> _Activity_
Please make an exact transcription of the records, keeping the pictures out of it.

> _Records shown_
_ _ _
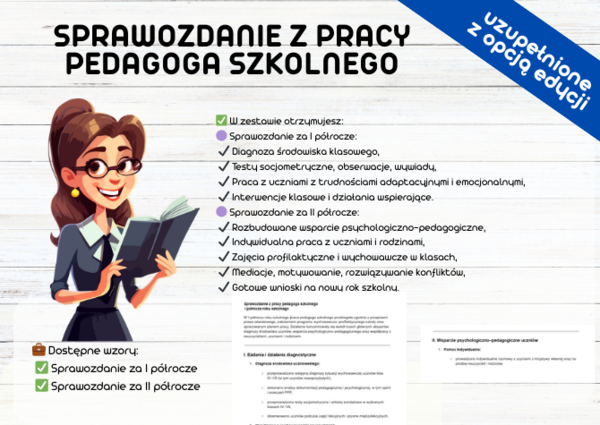 Sprawozdanie pedagoga szkolnego I i II półrocze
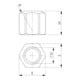 AMF Tassello a T lungo, Misura nominale cave a T/Filettatura: 18/M16mm-3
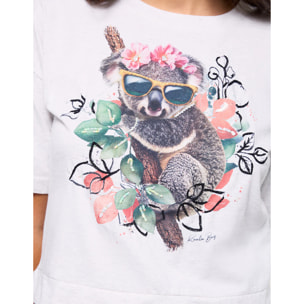 Camiseta Manga Corta Gris Claro - Kolala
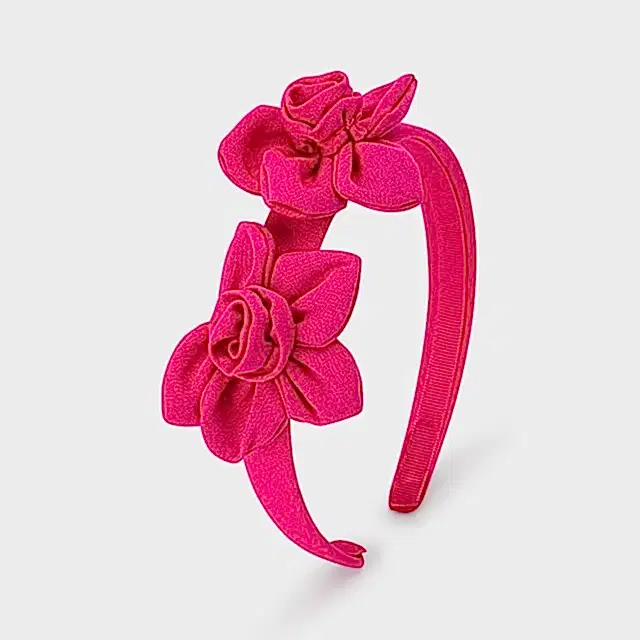 Mayoral Kız Çiçekli Saç Bandı Kırmızı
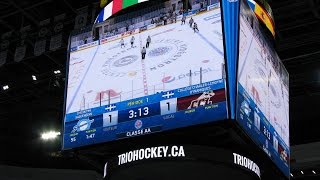 Saguenéens de Chicoutimi à Tournoi International PeeWee Québec [upl. by Ennairoc]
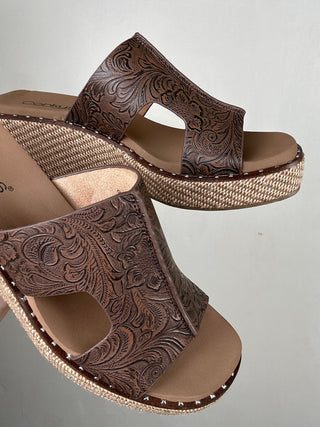 CORKYS | Kiss n Tell | Chocolate Embossed Floral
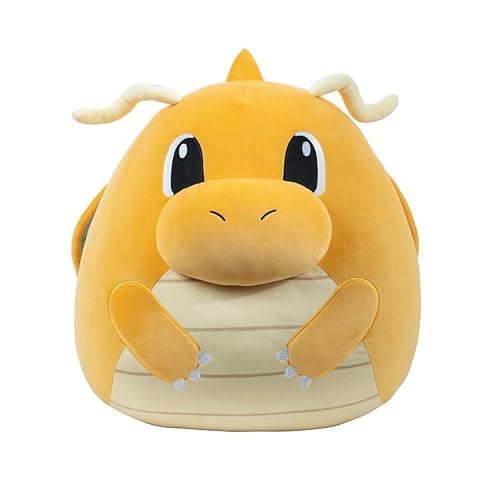 Pokemon Squishmallow Dragonite, Peluches, 35 cm - Moderno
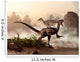 Pair Velociraptors Patrol Shore Wall Decal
_ _ _
> _Result of the task_
 Sprawozdanie pedagoga szkolnego I i II półrocze
 AMF Tassello a T lungo, Misura nominale cave a T/Filettatura: 18/M16mm-3
 Camiseta Manga Corta Gris Claro - Kolala
 Mayoral Kız Çiçekli Saç Bandı Kırmızı
 Saguenéens de Chicoutimi à Tournoi International PeeWee Québec [upl. by Ennairoc]
 CORKYS | Kiss n Tell | Chocolate Embossed Floral
 Pokemon Squishmallow Dragonite, Peluches, 35 cm - Moderno
 Pair Velociraptors Patrol Shore Wall Decal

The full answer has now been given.